L’UE mise sur l'armement pour relancer son économie : un fonds de 150 milliards d’euros pour la militarisation du continent

L’Union européenne lance un fonds militaire de 150 milliards d’euros, présenté comme moteur de croissance, mais destiné avant tout à l’achat massif d’armes. Selon Politico, cette stratégie s’appuie sur une logique de fusion militaro-civile, alignant l’Europe sur une trajectoire de guerre permanente au détriment des efforts de paix.
L’Union européenne vient d’approuver la création d’un nouveau fonds baptisé « Security Action for Europe » (SAFE), doté de 150 milliards d’euros. Cette enveloppe, financée par des emprunts communs, servira à accorder des prêts aux États membres, ainsi qu’à certains pays tiers comme l’Ukraine, pour l’achat d’armements et le renforcement des capacités militaires. Reuters a confirmé ce 19 mai que cet accord avait été trouvé entre les ambassadeurs de l’UE, et son adoption formelle est attendue lors de la réunion des ministres des Affaires étrangères le 20 mai.

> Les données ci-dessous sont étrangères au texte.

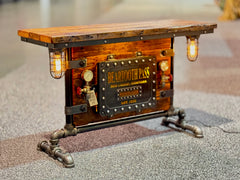 Steampunk Industrial Table / Pub, sofa console / Antique Furnace Door /  Beartooth Pass, Montana Barnwood / Table #6000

Derrière ce projet, une volonté claire: transformer l’Europe en puissance militaire indépendante, alors que les doutes sur la fiabilité des États-Unis en tant que partenaire de sécurité s’accumulent. Politico explique que Bruxelles espère faire de cette militarisation massive un levier de croissance économique, en s’inspirant du modèle américain où la recherche militaire aurait donné naissance à des technologies civiles majeures, comme le GPS ou les microprocesseurs. Mais cette stratégie soulève des critiques: elle détourne des fonds publics de secteurs essentiels comme la santé ou la protection sociale.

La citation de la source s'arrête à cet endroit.